VITAC’s John Capobianco Discusses Caption Quality, Industry on National Podcast

by: David Titmus

VITAC Chief Marketing Officer John Capobianco recently was featured on a national podcast regarding captions and accessibility.

The “Bars and Tone” podcast, a production through the Association for Higher Education Communications Technology Advancement (AHECTA), devoted its July podcast to the captioning sector, including discussion on live, pre-recorded, municipal, and web captioning services. The podcast makes the point that captions benefit everyone, with host BJ Attarian saying that captions shouldn’t be thought of as a burdensome mandate but, rather, “something that we want to do.”

VITAC Chief Marketing Officer John CapobiancoCapobianco discussed among other things, VITAC’s capabilities and offerings, the scope of our work, how captions are created, the growth of captions and the expanding captioning industry, and how automated speech recognition systems routinely fail to compete with real, live human captioners.
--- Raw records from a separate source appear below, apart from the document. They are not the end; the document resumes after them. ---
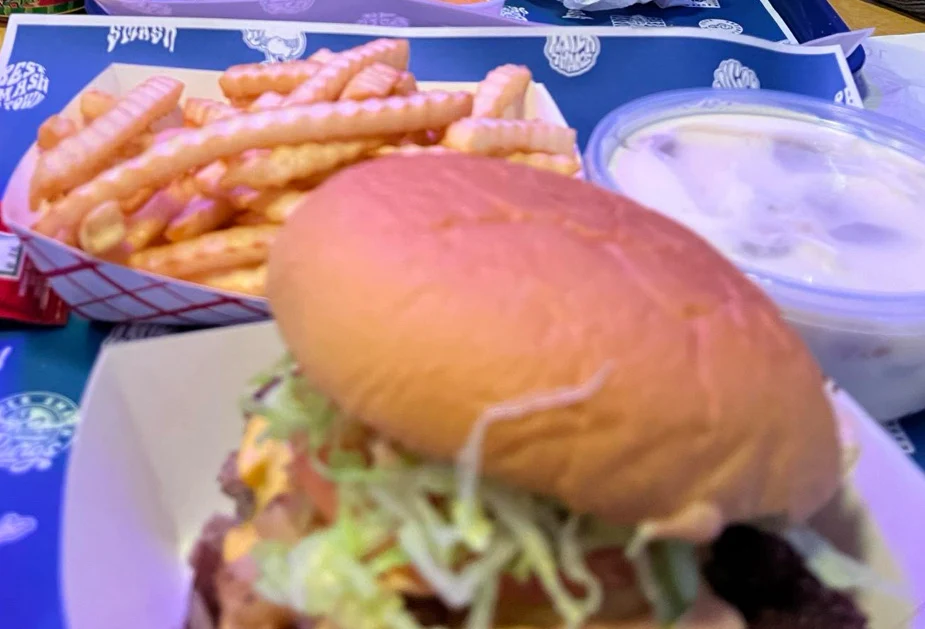 Smash Burger and Crinkle Cut Fries, Super Smash Burgs – Markham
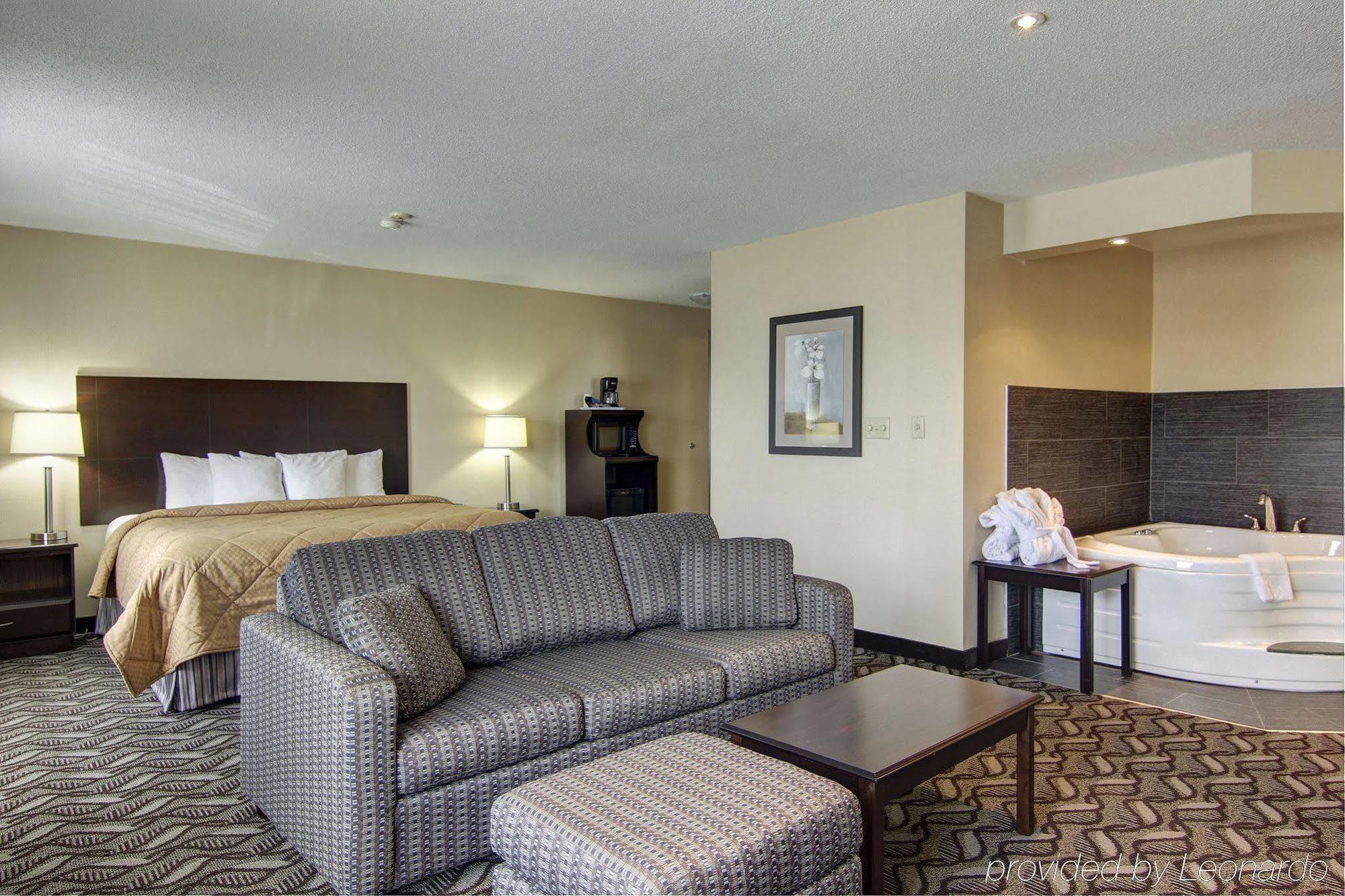 Hotel Comfort & Ambassador Bridge
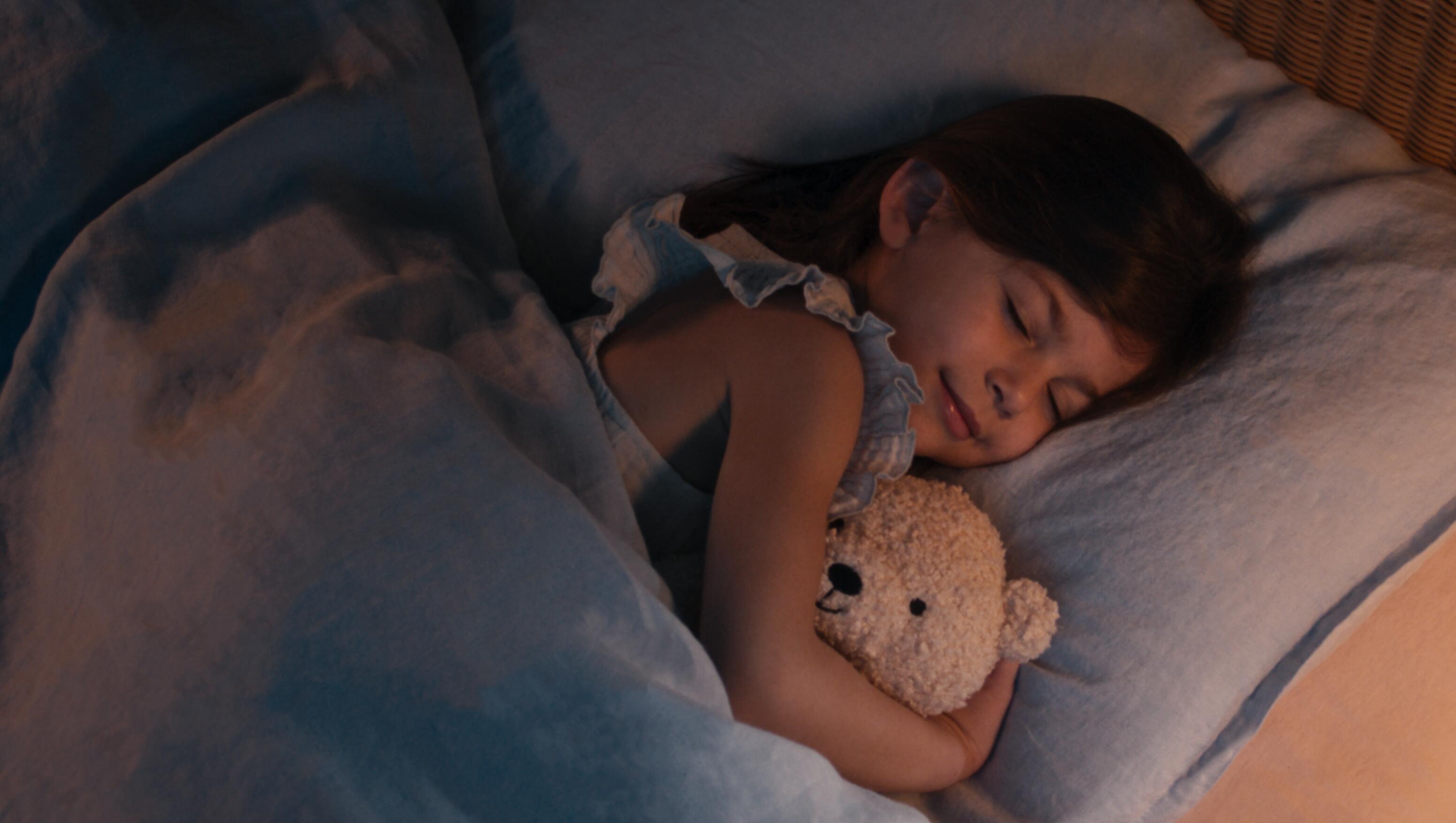 AD_EXOMEGA_EMOLLIENT_CREAM_BOY AND MOTHER BED6_LIFESTYLE_200ML_2022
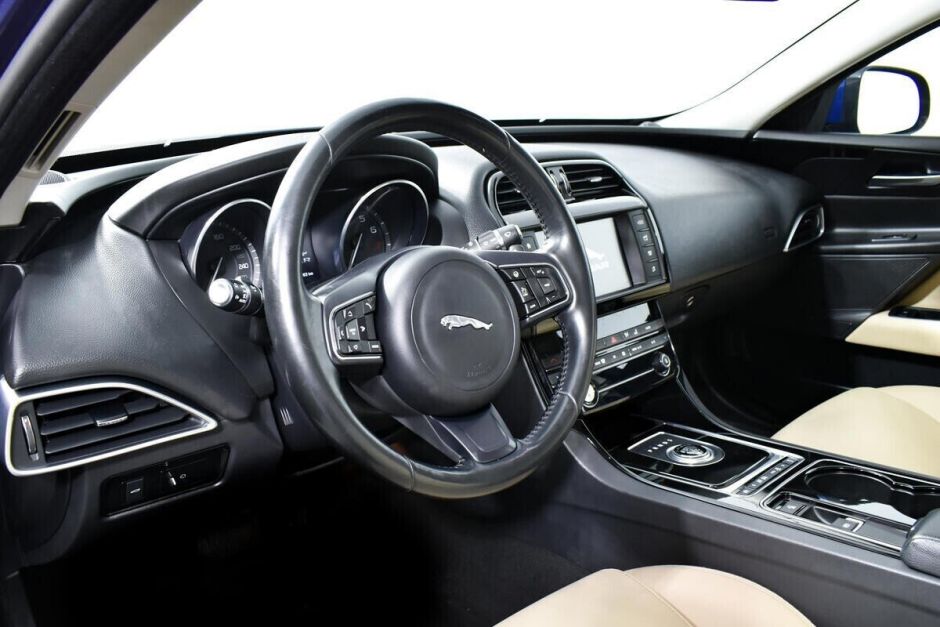 Jaguar XE, 2.0 л, АТ, 2016 фото 8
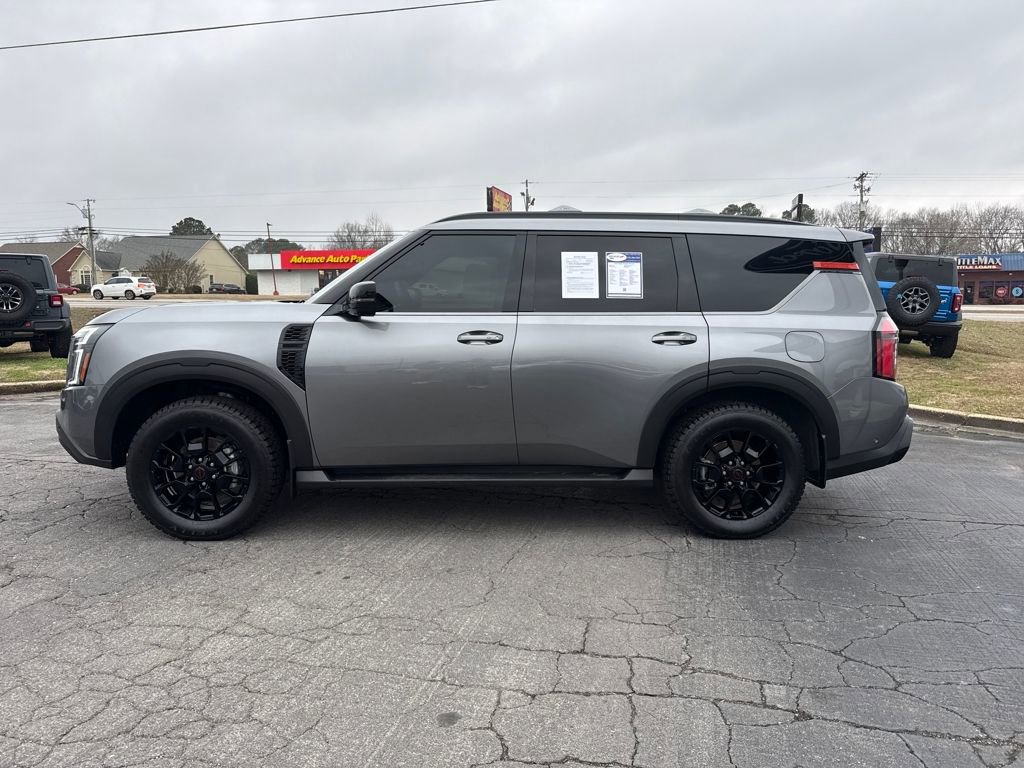 Used 2025 Nissan Armada PRO-4X image 4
Click here to listen to the podcast. Capobianco’s interview begins around the 33:15 mark. You can also read the transcript of the interview here below:

>> … Today, we are talking about captioning, and I’m joined by a very special guest, the chief marketing officer of VITAC, John Capobianco. He is joining us today over the phone. It’s a big company, the biggest captioning company, accessibility company in the country. You’ll see some of their captions if you’re watching the recent Stanley Cup finals, “America’s Got Talent,” “Tonight Show with Jimmy Fallon,” all the things that they caption. They also do conferences, graduations, events, and sports, which will be a little bit more relevant to our listeners here in the education field. John, what else can you tell us about VITAC and what a kind of average day is like? How much stuff are you captioning every single day?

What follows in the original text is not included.